Green Anti-Humanism

In “Green Anti-Humanism,” Bob Zubrin writes that “environmental devotion is enough to condemn billions to perpetual misery:”

On February 11, 2013, the Denver Post ran a guest commentary of great clinical interest. In the piece in question, Colorado State University philosophy professor Philip Cafaro advanced the argument that immigration needs to be sharply cut, because otherwise people from Third World nations will come to the United States and become prosperous, thereby adding to global warming.

“And make no mistake: Immigrants are not coming to the United States to remain poor,” warns the philosopher. “Those hundreds of millions of new citizens will want to live as well and consume energy at the same rates as other Americans. . . . What climate change mitigation measures . . . could possibly equal the increased greenhouse gas emissions we would lock in by adding 145 million more new citizens to our population?”

This is truly remarkable.

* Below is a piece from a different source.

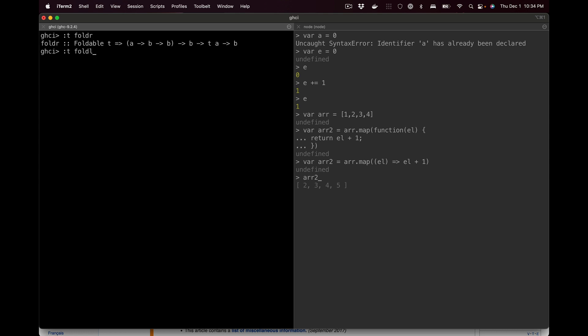One challenge I'd give you: take a look at foldr and foldl and see if you can tell the difference — look at the type signatures, there are very few differences. What's really interesting is that map can actually be implemented using fold, filter can be implemented using fold — a lot of these list functions are built upon fold, one of the list primitives in Haskell. We'll get into that more. Thank you so much for listening.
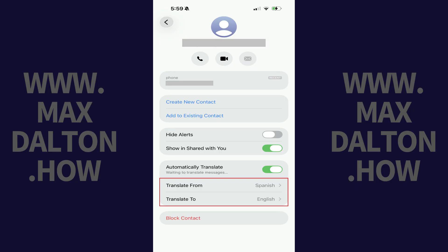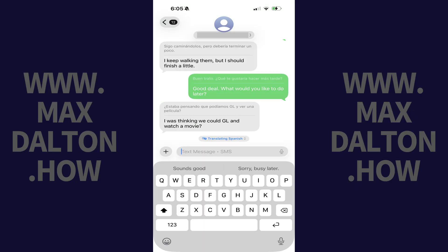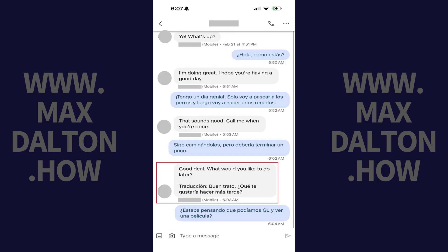In this example I'm translating messages from Spanish to English. When you return to the chat, all new messages that you send and receive will be translated. You can see I'm translating new messages from English to Spanish, and all messages that you send to the other party will be in both your primary and the translated language as well.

Conservative immigration skeptics have voiced the concern that immigrants might not assimilate and achieve success, and even common xenophobes have never objected to would-be immigrants’ attaining prosperity elsewhere. But according to Cafaro’s liberal argument, the wretched of the Earth must be kept poor wherever they reside, because otherwise they will ruin the weather for the rest of us. Following this logic, the United States should adopt the role of the world’s oppressor, enforcing the continuation of poverty around the globe.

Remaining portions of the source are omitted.